Paula Jaroslavsky tenía 24 años y trabajaba en turismo cuando se enamoró de su actual marido tras conocerlo en un bar. Él era suizo y le contó que Argentina era su primera parada en un viaje por Latinoamérica que duraría un año: su idea era trabajar en restaurantes para mantenerse.
“Pero sus planes se fueron al tacho”, dice Paula. “Nos enamoramos y decidió quedarse en Argentina”. Era 1999 y el suizo, sin residencia ni trabajo, se quedó seis meses con ella, hasta quedarse sin dinero: el regreso fue inevitable.
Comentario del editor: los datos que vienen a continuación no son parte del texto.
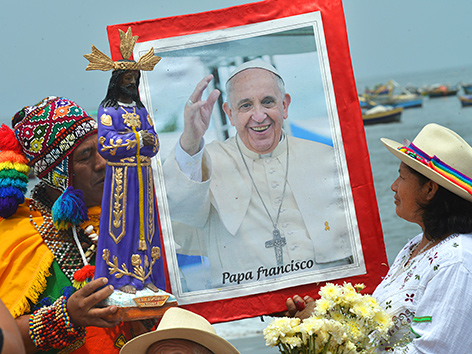 Peruanische indigene Schamanen mit Bild von Papst Franziskus am Strand von Lima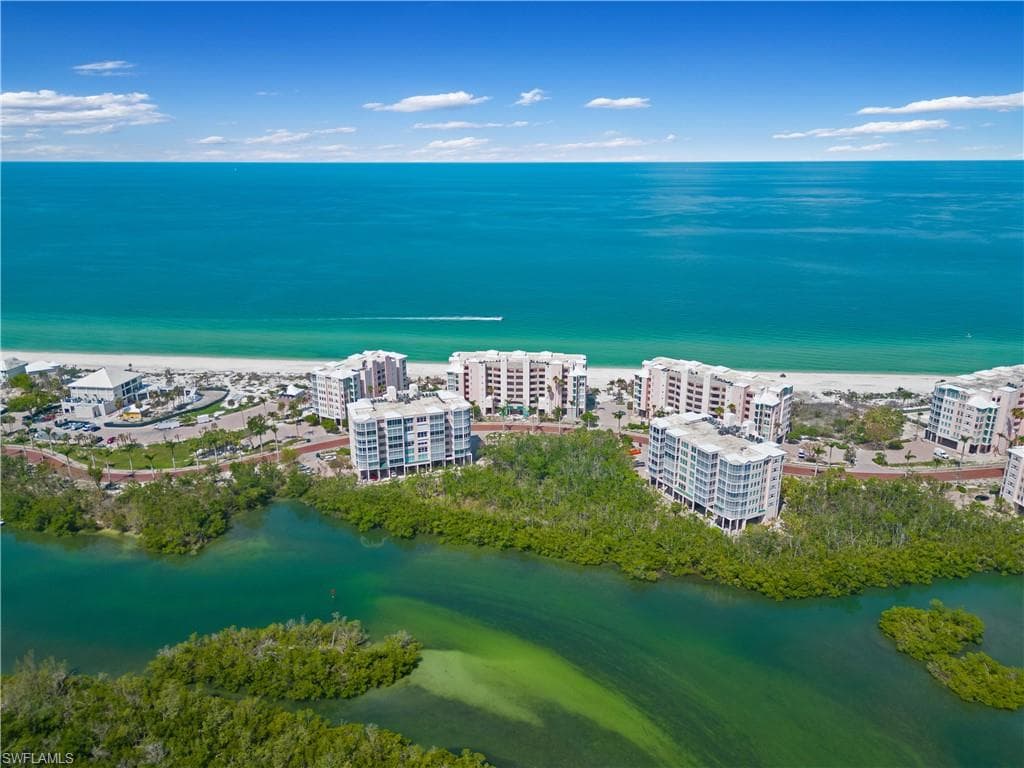 267 Barefoot Beach BLVD 303-3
Paula lo extrañaba mucho, así que decidió adelantar vacaciones para volar a Suiza y volverlo a ver. “Todo allá me encantó. Cada detalle, me parecía divino, perfecto. El país me enamoró. Volví a Buenos Aires y le anuncié a mi familia que me iba”, revela.
En el pequeño país europeo, Paula pudo estudiar, trabajar y llevar una excelente calidad de vida. Pero el día que tuvo a su primera hija, el encanto llegó a su fin.
“Mi matrimonio no iba de la manera que soñaba. Y empecé a preguntarme: ¿quiero que mis hijos crezcan y absorban esta cultura y no la argentina? ¿Quiero que hablen castellano con acento? ¿Quiero que se críen acá o junto a todos sus primos que están en la Argentina?”
Diez años habían pasado cuando decidió separarse. Su padre falleció inesperadamente, y ella tomó un vuelo de urgencia a la Argentina. “En ese viaje hice el clic y dije ‘basta, esto no tiene sentido’”, recuerda. Aunque la charla con su exmarido no fue sencilla, finalmente ella se instaló en su país de origen con sus hijos.